* [Problem to work on]:
Data follows below. Repeat exactly the lines between the line holding "JUICE (Explicit)" and the line holding "As an actor", inclusive, and nothing more; drop pictures.

* [Available data]:
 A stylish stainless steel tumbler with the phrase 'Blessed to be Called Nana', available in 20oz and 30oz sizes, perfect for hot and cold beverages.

==

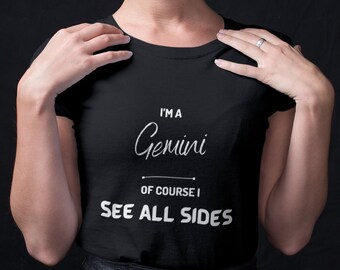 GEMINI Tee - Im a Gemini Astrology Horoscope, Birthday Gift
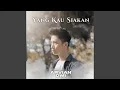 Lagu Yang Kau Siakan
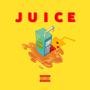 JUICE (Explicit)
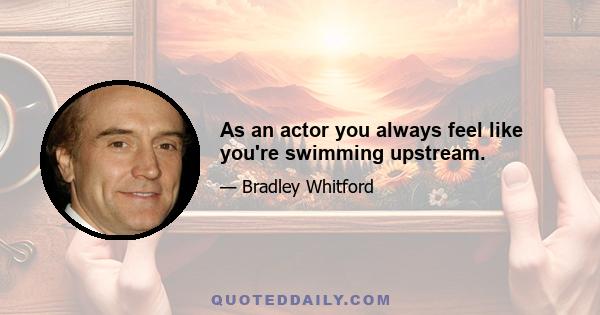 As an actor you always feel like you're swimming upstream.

--

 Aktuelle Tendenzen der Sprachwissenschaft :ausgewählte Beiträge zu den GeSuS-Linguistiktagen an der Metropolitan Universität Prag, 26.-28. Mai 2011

* [Answer to this exercise]:
 JUICE (Explicit)
 As an actor you always feel like you're swimming upstream.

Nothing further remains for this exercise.